_Task instructions:_
Leave every picture out and return the rest of the listing verbatim.

_Data provided:_
------
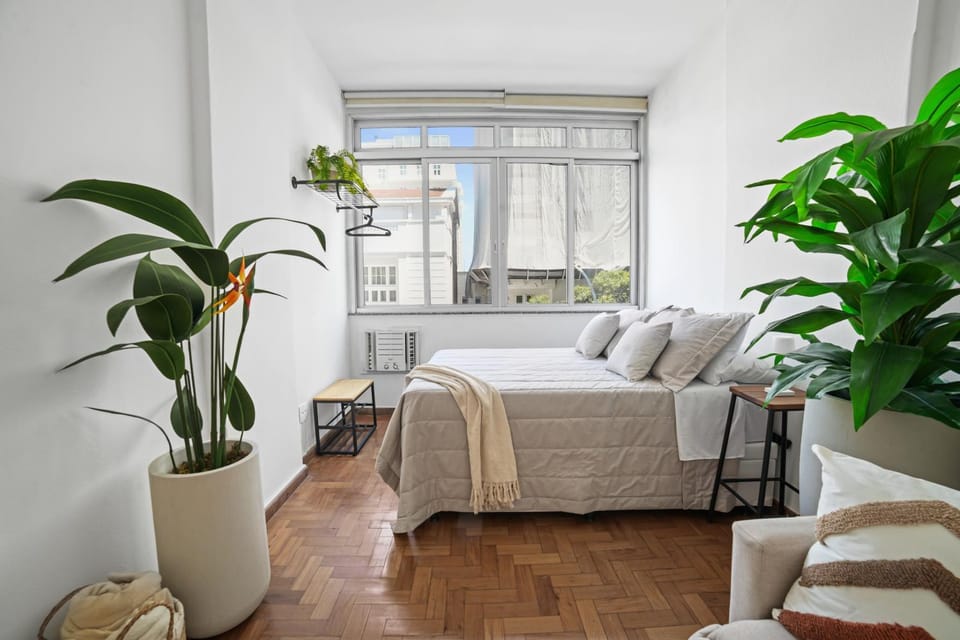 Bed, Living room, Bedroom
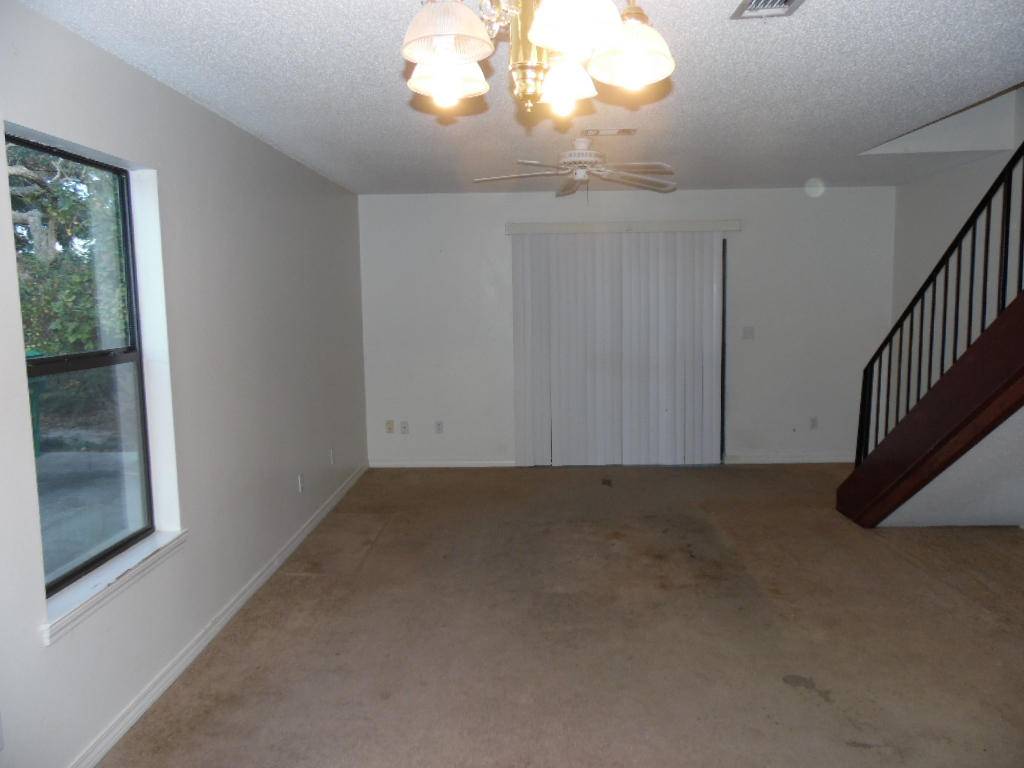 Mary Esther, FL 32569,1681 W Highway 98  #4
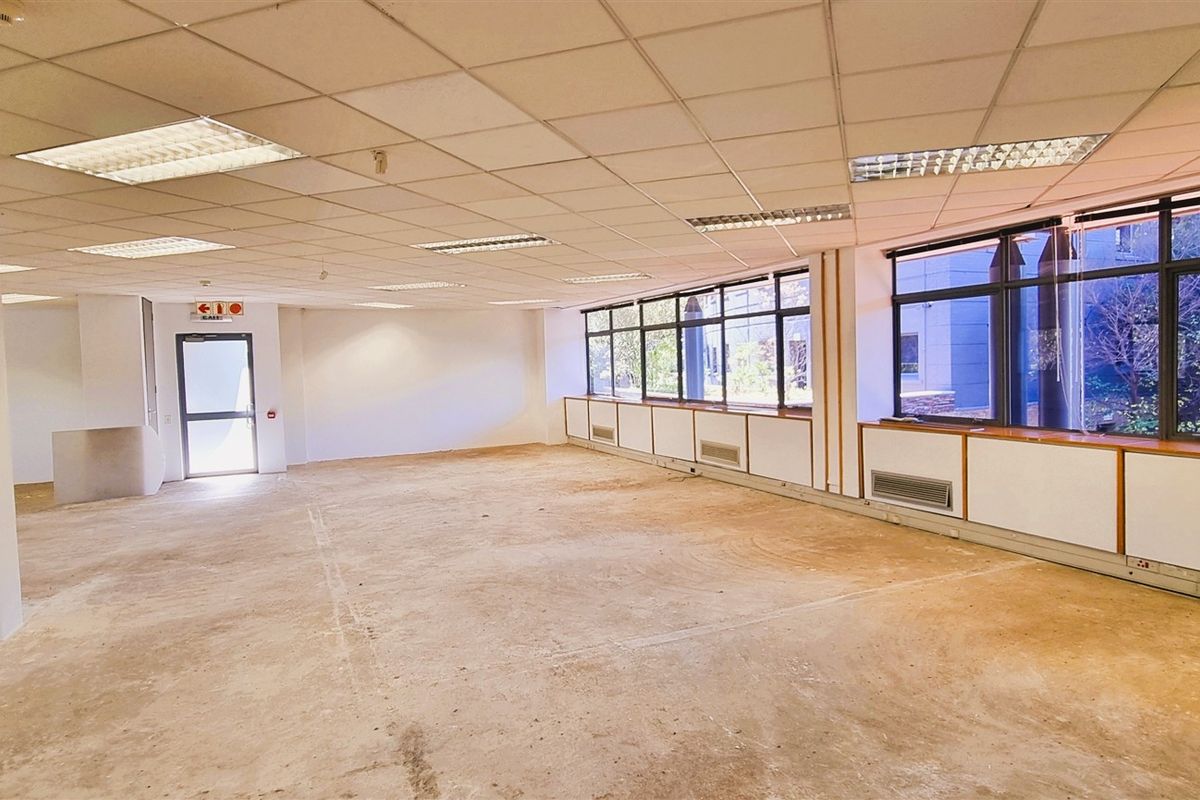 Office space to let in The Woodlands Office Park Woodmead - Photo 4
------
_Exercise response:_
 Bed, Living room, Bedroom
 Mary Esther, FL 32569,1681 W Highway 98  #4
 Office space to let in The Woodlands Office Park Woodmead - Photo 4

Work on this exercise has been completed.